Önce şunu söyleyelim: Hem yüzde 10 barajının en büyük korucusu olup hem de ‘barış’tan, ‘çözüm’den söz eden, yeryüzünün en büyük sahtekârı, bu sahtekârlarla bir çözüme ulaşılabileceğini düşünenler de yeryüzünün en büyük eblehleridir

Önce şunu söyleyelim: Hem yüzde 10 barajının en büyük korucusu olup hem de ‘barış’tan, ‘çözüm’den söz eden, yeryüzünün en büyük sahtekârı, bu sahtekârlarla bir çözüme ulaşılabileceğini düşünenler de yeryüzünün en büyük eblehleridir.
Şunu da söyleyelim: Sandığa gitmemek, gidip de geçersiz oy vermek Erdoğan’a  çalışmak, bu ise IŞİD’i desteklemek, IŞİD’i desteklemek de eline Ezidi, Şii Arap ve Türkmen, Rojavalı Kürt ve bilumum gayri Müslim’in kanını bulaştırmak, testereyle kafa kesen, kadınları kızları cariye olarak esir alan, sonra da satan alçak, ruh hastası, Yeni Dünya Düzeni oyuncağı mezhepçi, dinci enternasyonal canilerle suç ortağı olmaktır.
Musul başkonsolosluğunu içindeki diplomat, memur, sivilleri ve bebekleriyle kendi adamlarına, yani IŞİDcilere teslim etti, Erdoğan-Davutoğlu ikilisi. Bu ne haddini bilmezliktir ki, bizim insanlarımızı ve toprağımızı kelle kesen yoldaşlarına teslim etmişler; sonra da bu konuda konuşmamızı bile yasaklıyorlar: Önce özür dile; istifa, sonra da tarihi,  coğrafyası, kültürü, sanatı, medeniyeti, en önemlisi de insanlığı ve ahlâkıyla her şeyi sıfır rakımlı Amerikan uşağı Arap şeyhliklerinden birine iltica et, bu ülkenin insanlarının yüzüne bakamazlığının bilincine varıp.

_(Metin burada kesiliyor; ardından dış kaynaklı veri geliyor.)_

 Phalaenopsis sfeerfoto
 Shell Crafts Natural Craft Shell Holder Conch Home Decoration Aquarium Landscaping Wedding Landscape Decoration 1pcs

Bazıları bayağı iyimser; diyorlar ki, “IŞİD bizim müttefikimiz, o yüzden bizim konsolosluğa bir şey yapmazlar sanıp, gerekli tedbirleri almadılar, personeli tahliye etmediler”. Bu şekilde düşünenler, gerçekten hem saf, hem de fazla iyimser: Erdoğan-Davutoğlu takımı, mahsustan 49 insanımızı rehin verdi ki, “aman onların başına bir şey gelir” bahanesinin arkasına saklanıp IŞİD canilerine karşı hiçbir şey yapmasınlar, onları desteklemeye ve onların isteklerini yerine getirmeye devam etsinler, başkalarını da onlara karşı bir şeyler yapmaktan/söylemekten vazgeçirsinler, “rehinelerin hayatını tehlikeye atıyorsun” şantajıyla eli kolu bağlı hâle getirsinler.
Davutoğlu, evvelsi gün konuştu; kelle kesmeyi Sünnî’nin Şiî baskısına karşı meşrû müdafaası, haklı tepkisi gibi göstererek. Bunların din alimleri de var: Cariyelik,  Şer’en caizmiş.
Şer’en caiz ya da değil; ulan edepsiz, benim anamı, karımı, kızımı, kadın/kız konumu- komşumu-arkadaşımı  ‘tam insan’ saymamak, hayvan/nesne  konumuna indirgemek senin ne haddine; daha doğrusu ister senin, ister peygamberinin, isterse (tabiî, varsa ve de var olsa bile) tanrının ne haddine..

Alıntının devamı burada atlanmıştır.